RECORDS PROVIDED:

════════════════════

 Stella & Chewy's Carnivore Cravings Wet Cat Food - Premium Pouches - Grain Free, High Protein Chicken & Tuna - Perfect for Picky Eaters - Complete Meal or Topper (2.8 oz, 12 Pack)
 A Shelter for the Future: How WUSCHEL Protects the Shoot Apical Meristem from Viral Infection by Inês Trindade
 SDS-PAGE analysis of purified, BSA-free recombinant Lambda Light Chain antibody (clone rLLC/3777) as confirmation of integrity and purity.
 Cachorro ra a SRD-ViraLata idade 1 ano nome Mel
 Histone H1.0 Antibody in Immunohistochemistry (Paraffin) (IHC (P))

════════════════════

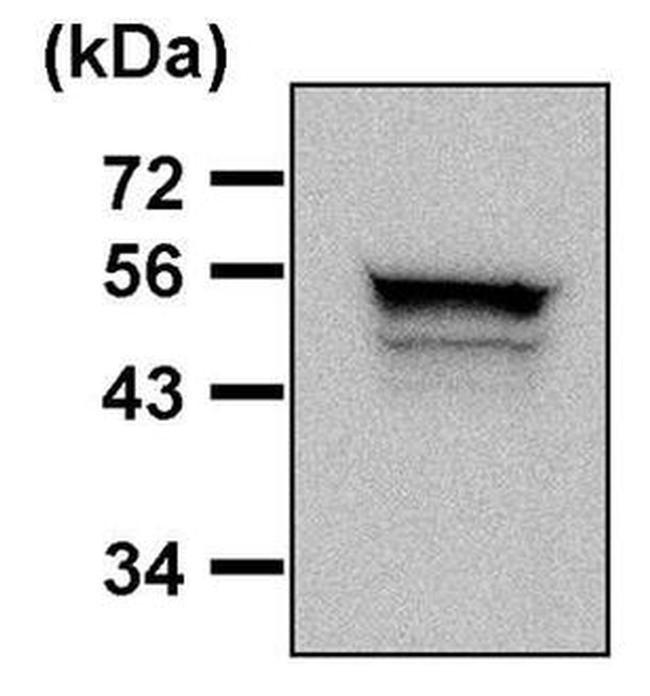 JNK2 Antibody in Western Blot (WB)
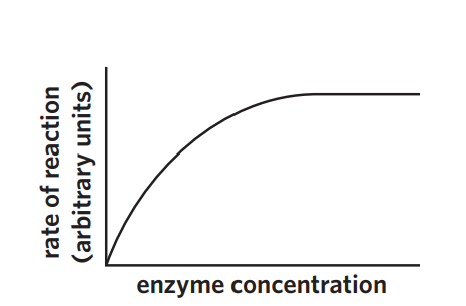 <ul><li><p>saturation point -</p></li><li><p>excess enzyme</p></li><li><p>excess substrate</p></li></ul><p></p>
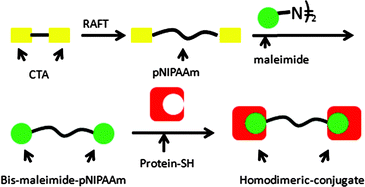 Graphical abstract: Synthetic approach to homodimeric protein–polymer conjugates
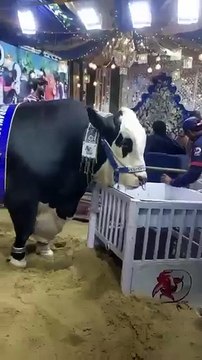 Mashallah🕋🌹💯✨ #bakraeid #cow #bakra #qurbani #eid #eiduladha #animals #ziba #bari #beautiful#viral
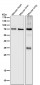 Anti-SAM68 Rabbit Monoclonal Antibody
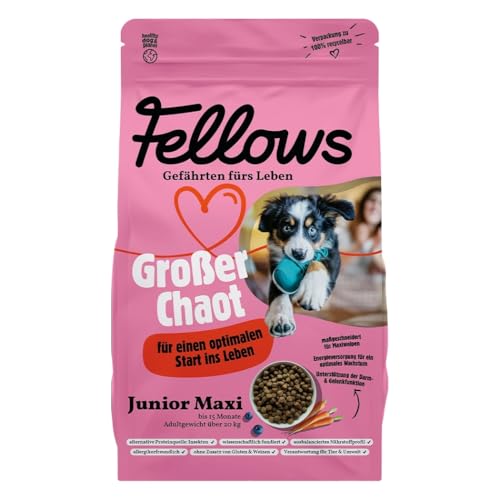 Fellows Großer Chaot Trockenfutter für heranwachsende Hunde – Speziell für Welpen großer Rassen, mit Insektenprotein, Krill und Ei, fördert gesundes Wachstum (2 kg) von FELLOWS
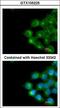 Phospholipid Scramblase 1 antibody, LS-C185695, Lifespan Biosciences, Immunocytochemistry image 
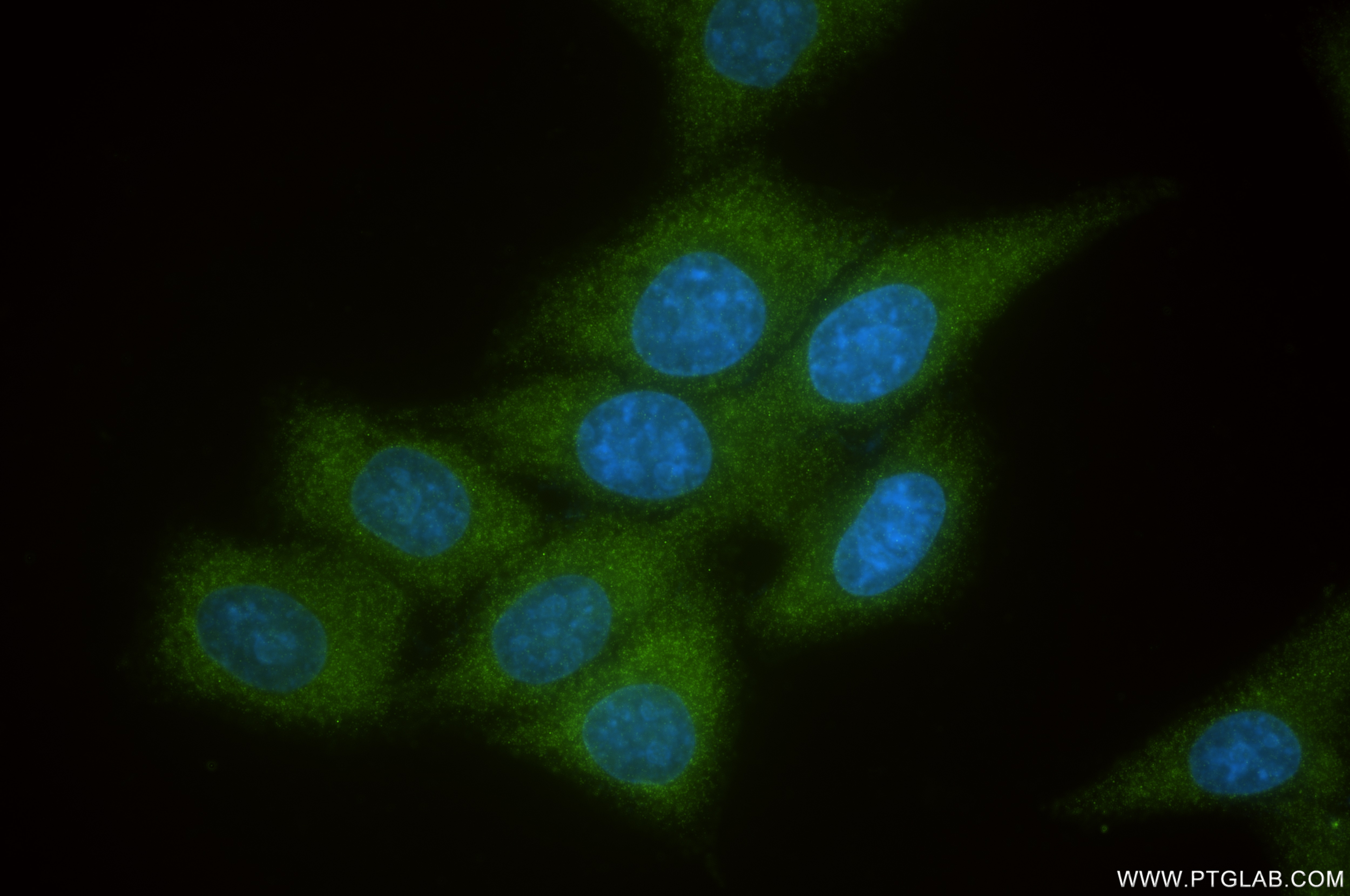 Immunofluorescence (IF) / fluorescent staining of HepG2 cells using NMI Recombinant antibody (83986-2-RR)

════════════════════

INSTRUCTIONS TO FOLLOW:
Exact repeat of the material above: every line from the one with "Fellows Großer Chaot" through the one with "Immunofluorescence (IF) /", endpoints included, and nothing more. No pictures.

RESPONSE FOR THIS EXERCISE:
 Fellows Großer Chaot Trockenfutter für heranwachsende Hunde – Speziell für Welpen großer Rassen, mit Insektenprotein, Krill und Ei, fördert gesundes Wachstum (2 kg) von FELLOWS
 Phospholipid Scramblase 1 antibody, LS-C185695, Lifespan Biosciences, Immunocytochemistry image 
 Immunofluorescence (IF) / fluorescent staining of HepG2 cells using NMI Recombinant antibody (83986-2-RR)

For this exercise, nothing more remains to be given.